Friday 22 April 2016

Database Fever

The source of this post comes from my experience during a disaster at one of the sites of the company I am contracting to. 3 days ago, I left work early because I could feel a fever coming on.
I was getting sick. While shivering in bed, I received a message that the SAN supporting an entire site had a drive failure and all the production environments in a particular site crashed.

A brief overview of the site:
-The SAN Storage was configured for RAID 5 supporting a Oracle database production VM server and a SQL development VM server.
-The Oracle VM server was hosted to a number of integration mechanisms including 2 different FTP solutions supporting a number of big companies in the region.
-The information system hosted by the Oracle Database was key in transacting industrial logistics on a large scale. This means that system failure could potentially halt operations of national interest.

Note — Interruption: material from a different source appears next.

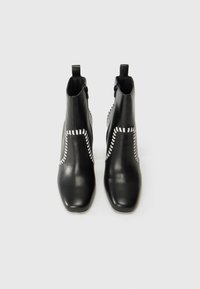 Bottines en cuir noir à bout carré, avec des coutures blanches sur les côtés et une fermeture éclair pour un enfilage facile.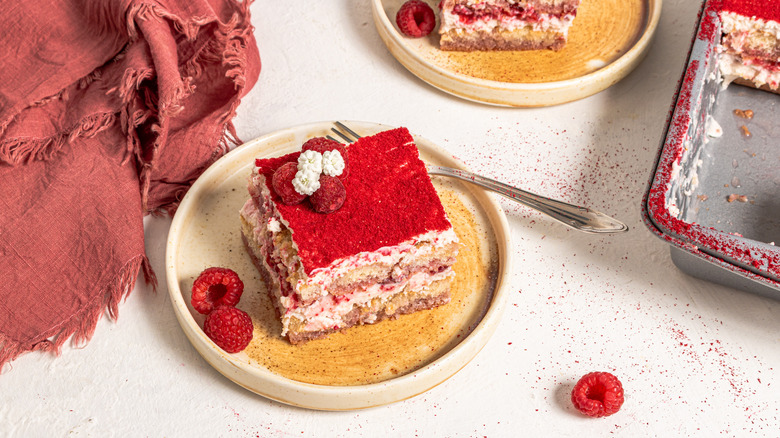 Slice of raspberry tiramisu on a plate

Shortly after the news, the site engineer attempted to rebuild the failed disk as the configuration was suited for this kind of transaction. However, the SAN declared itself in a degraded state owing to the lack of  drives and no spares were available. What this meant was that for months, no one could resupply the disks after consecutive failures due to procurement policies. They had depleted the spare disks without replenishing the supply. What this also meant was that I would have to get up and out of bed and be ready for a new implementation of the site. Fortunately, the department manager negotiated a DR meeting for the next morning considering no transactions were planned for the next day and the site would not be used. I wasted little time and logged into the DR server for the lost system, storing and moving aside logs, backups, configurations and reading any documentation I could find on this particular system - there was little to none.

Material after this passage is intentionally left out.